My sweet, wonderful and ever-observant friend Alex, who stopped by later in the evening, also has a memory of me floating around in my pool, beer in hand, trying to fight through it and sort of projecting the idea that I was actually ok. But physically? I was clearly a mess. Just one look at my eyes and you could see something was seriously wrong. But Alex didn’t understand either, and she saw me every day because we worked together. And I was slightly angry at her, too, for not getting it, for not reading my mind. How could anyone have read my mind? Or been so adept as to know how to act or react to such an extreme and peculiar situation?

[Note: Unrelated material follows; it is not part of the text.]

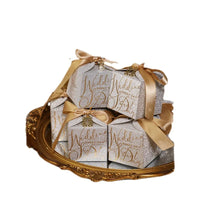 High-End Wedding Candy Box with Pearl Ribbon Bow Luxurious Weddings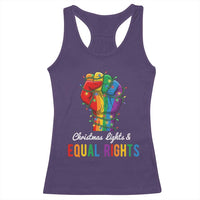 Christmas Lights Equal Rights Racerback Tank Top LGBT Hands Supporter Gift - Wonder Print Shop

On the same, day, Tara and I managed to watch the Tig Notaro documentary on Netflix. It’s excellent and I highly recommend it. The reason I mention this is not to drag this story out and give you every little detail until your eyes bleed but because the timing of watching a documentary about illness and death at that particular moment was uncanny and it always gives me chills to think about. Why did we watch it then, in the midst of a party about to happen at my home? In the middle of a July day in my hotbox of a room, fan on full blast? Tara might tell you it was because I was trying to lay still for fear of vomiting on my guests, but it just gives me pause to think of that as our choice of viewing since I relate so viscerally to Tig’s story now. In case you are not familiar, this is the trailer:
I ended up (down the road in my recovery) getting C. Difficile twice, Tig also had C. Diff and talks about it a lot in both her comedy and the documentary. The story of me and my buddy c. diff is for an entirely different post, but having it was the absolute lowest point of my life, hands down, for a number of different reasons. Of course, watching that documentary that day, I felt for Tig Notaro and I was inspired by how she took something dark and transformed it into something light and was so impressed by how she found comedy in the darkness. But I had no idea how much I would eventually understand that so deeply and connect with it so much. And I kept remembering that when I was in hospital in the weeks to come, that we can always find humour somehow, even in our darkest moments. Sometimes, at least in my opinion, that’s where the funniest shit happens. And oh buddy, were there a lot of those moments to come.